Somut uyuşmazlıkta, davacı, davalıya ait işyerinde çalıştığını kanıtlamak adına tanık ve bilirkişi incelemesi delillerine dayanmıştır. Her ne kadar dosya içeriğinde bulunan okul müdürlüğünün yazısında, okul aile birliği tarafından sigortasız çalıştırılan personelin bulunmadığı belirtilmiş ise de, okul aile birliği kayıtlarından davacının çalışmasının bulunup bulunmadığının araştırılmadığı anlaşılmaktadır. Bu kapsamda, okul aile birliği kayıtlarının bilirkişi tarafından yerinde incelenmesi ve davacıya ait kayıt bulunup bulunmadığı hususunun duraksamaya yer vermeyecek şekilde tespit edilmesi gerekmektedir.
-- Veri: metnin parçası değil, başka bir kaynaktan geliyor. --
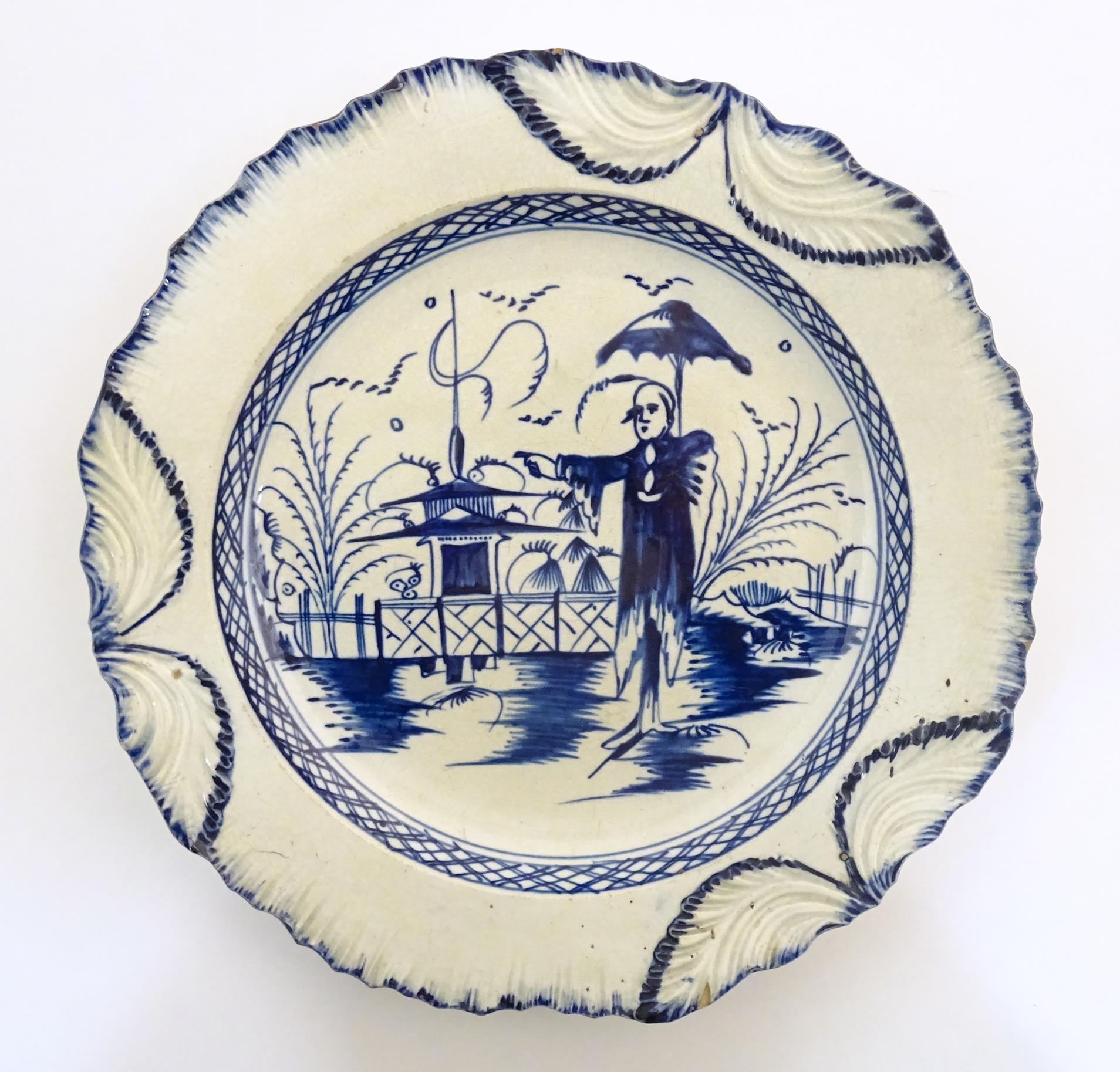 A blue and white pearlware plate decorated in the Long Eliza pattern, depicting a Chinoiserie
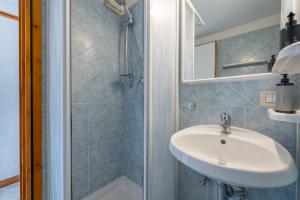 a bathroom with a sink and a shower at Panieri Apt - Homkeey Apartments in Rome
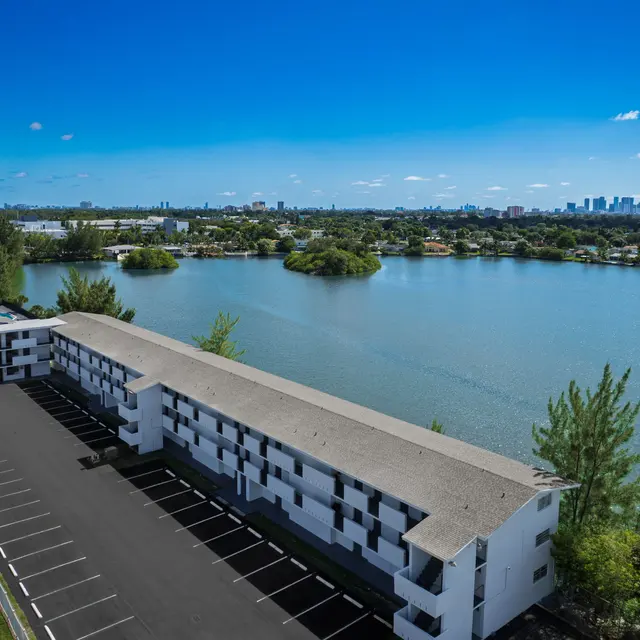 An aerial view of a modern low-rise building with a parking lot situated alongside a calm lake, surrounded by lush greenery and city skyline in the distance.
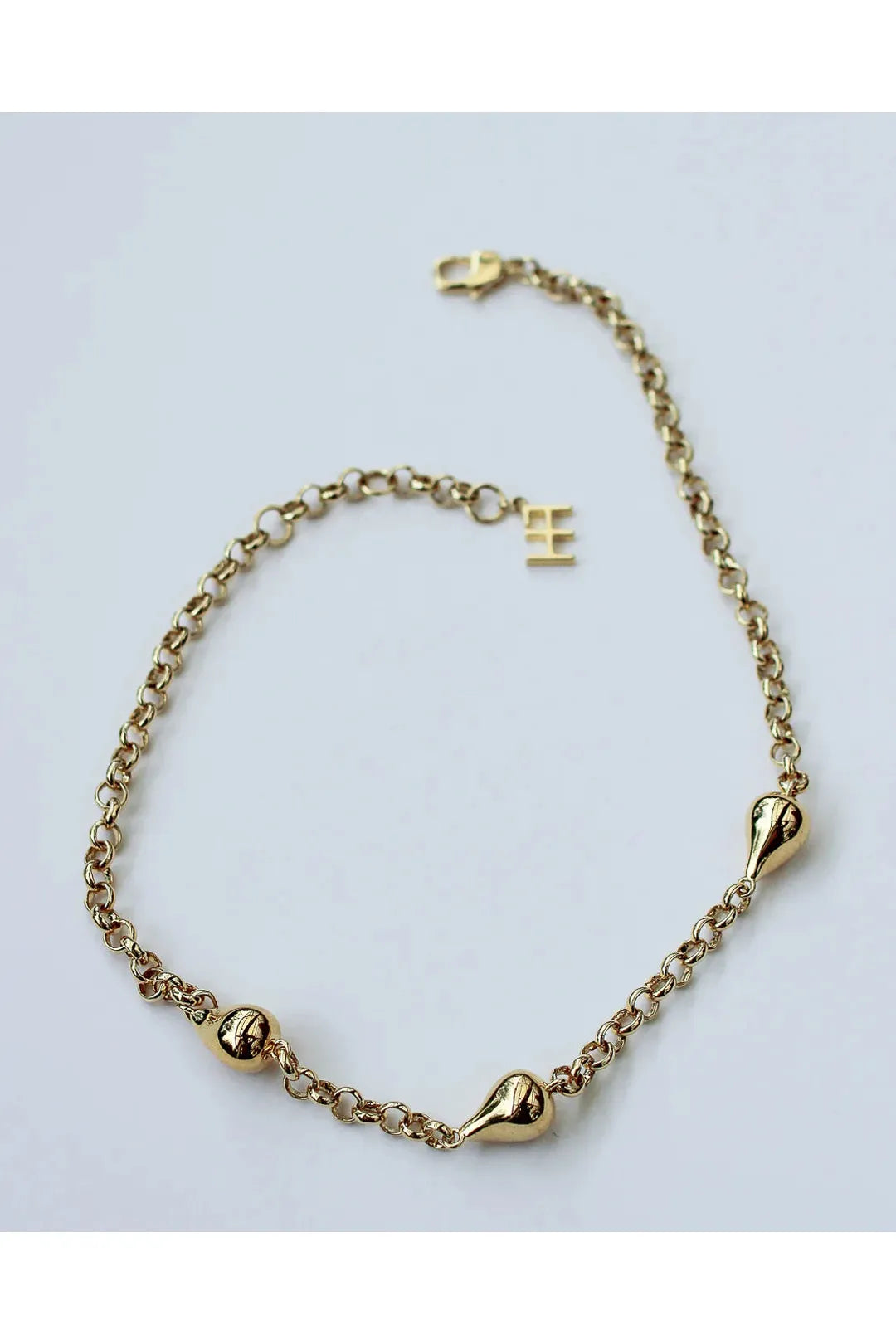 fluid ball necklace, gold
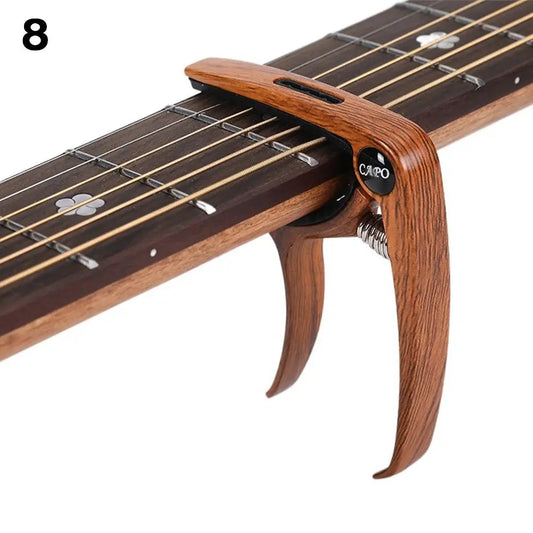 A wooden guitar capo with a polished finish and adjustable spring for acoustic electric musical instruments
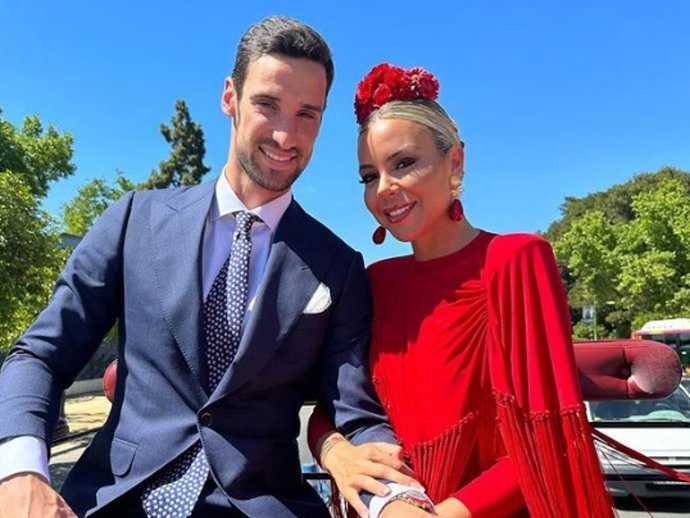 Sergio Rico y Alba Silva en la Feria de Abril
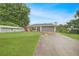 Charming home featuring a well-manicured lawn and inviting curb appeal at 22353 Blanchard Ave, Port Charlotte, FL 33952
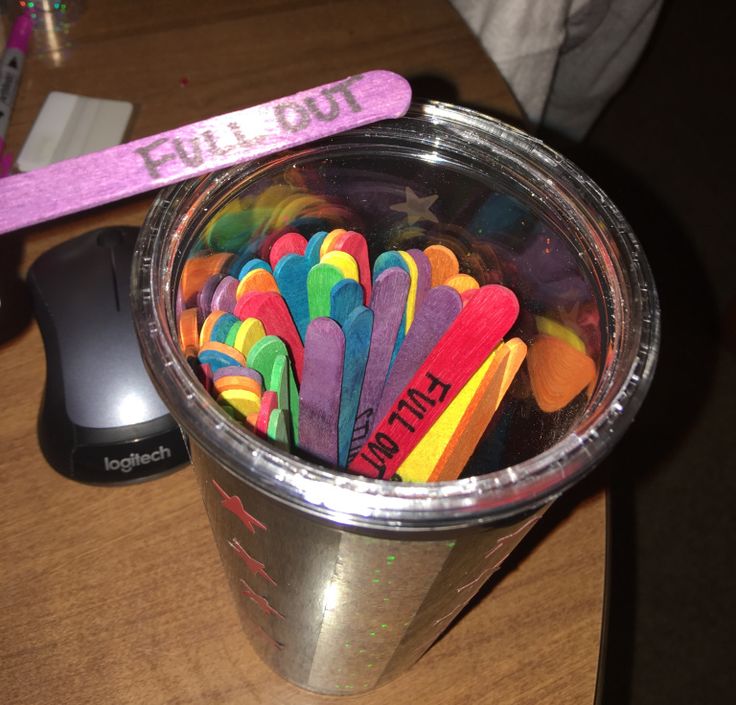 a cup filled with lots of different colored toothbrushes next to a computer mouse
Diğer taraftan, gerek mülga 1086 sayılı Hukuk Usulü Muhakemeleri Kanununun 254. maddesi gerekse 01.10.2011 tarihinde yürürlüğe giren 6100 sayılı Hukuk Muhakemeleri Kanununun 255. maddesi uyarınca, aksine ciddi ve inandırıcı delil ve olaylar bulunmadıkça, tanıkların gerçeği söylemiş olmalarının asıl olduğu ilkesi de somut olayda gözetilerek değerlendirme yapılmalıdır. Bununla birlikte, akrabalık veya diğer bir yakınlık başlı başına tanık beyanını değerden düşürücü bir sebep sayılamaz ise de işveren aleyhine dava açan kişiler davacı tanığı olarak dinlenmiş ise bu işçilerin tanıklıklarına kural olarak itibar edilmemesi; birbirlerine tanıklık eden kişilerin beyanlarına ihtiyatla yaklaşılması ile bu tanıkların beyanlarının diğer yan delillerle birlikte değerlendirilerek, sonuca gidilmesi gerekir.
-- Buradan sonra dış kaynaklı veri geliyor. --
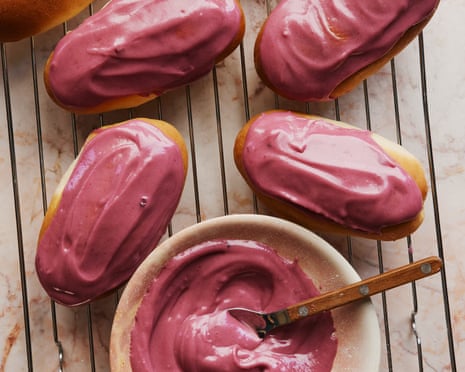 Oblong finger buns with purple blackcurrant glaze sit on a wire rack beside a bowl of icing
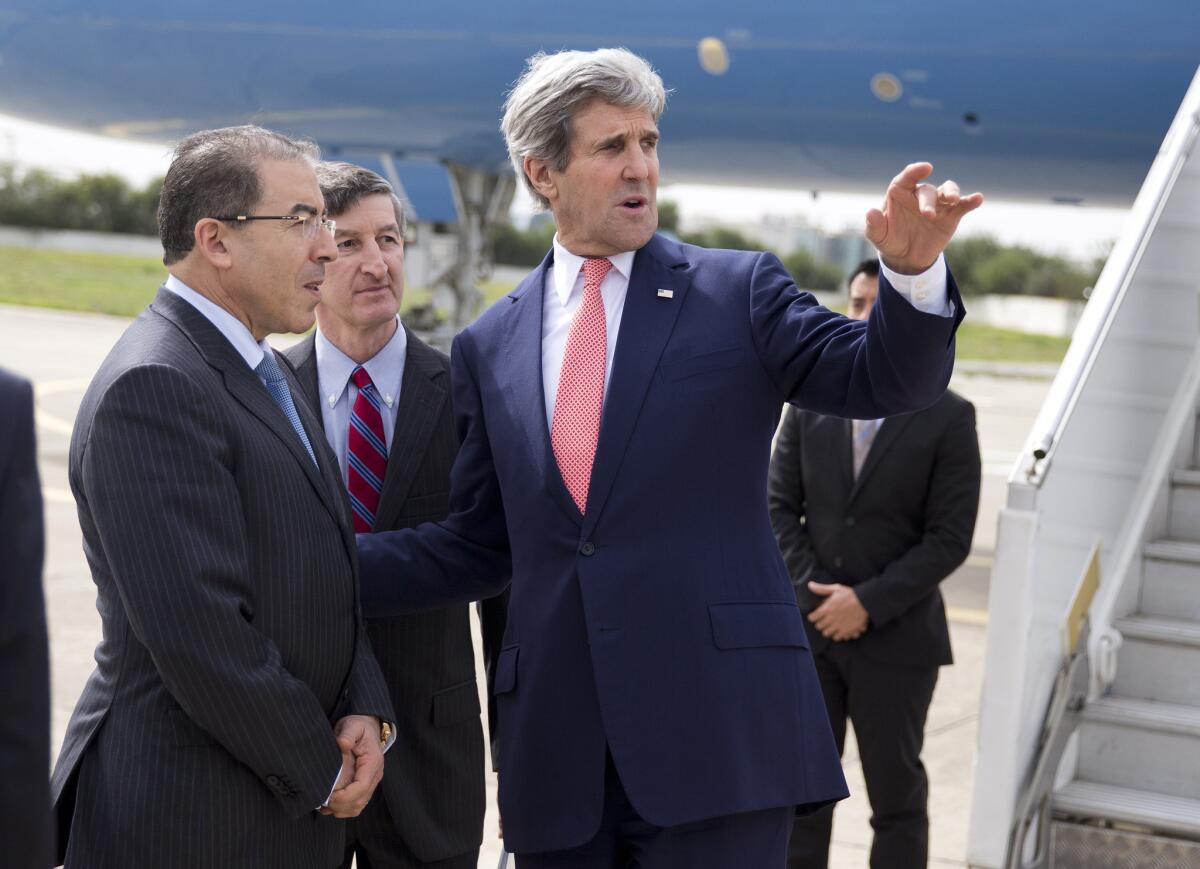 Secretary of State John Kerry, right, talks with Tunisian Foreign Minister Mongi Hamdi, left, and U.S. Ambassador Jake Walles after arriving at El Aouina Air Base in Tunis.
Nitekim, aynı ilkeler Hukuk Genel Kurulunun 13.04.2011 gün ve 2010/2-751 E. 2011/96 K.; 12.09.2012 gün ve 2012/2 E. 2012/551 K. ve 25.02.2015 gün 2013/9-1447 E., 2015/854 K. sayılı kararlarında da benimsenmiştir.
Yargılama sırasında dinlenen, davacı tanığı ..., halen Yavuz Selim İlköğretim Okulunda çalıştığını, davacının da 1996 yılından itibaren işyerinde çalıştığını beyan etmiştir. Davacının, davalıya ait işyerinde çalışıp çalışmadığının belirlenmesi için davacı tanığı ...’e ait işyeri ve SGK kayıtlarının da araştırılması gerekmektedir.
Açıklanan nedenlerle, yerel mahkeme direnme kararı belirtilen değişik gerekçe ile bozulmalıdır.
SONUÇ: Davalı Bakanlık vekilinin temyiz itirazlarının kabulü ile direnme kararının yukarıda gösterilen bu değişik nedenlerden dolayı BOZULMASINA, karar düzeltme yolu kapalı olmak üzere 22.02.2017 gününde oybirliği ile karar verildi.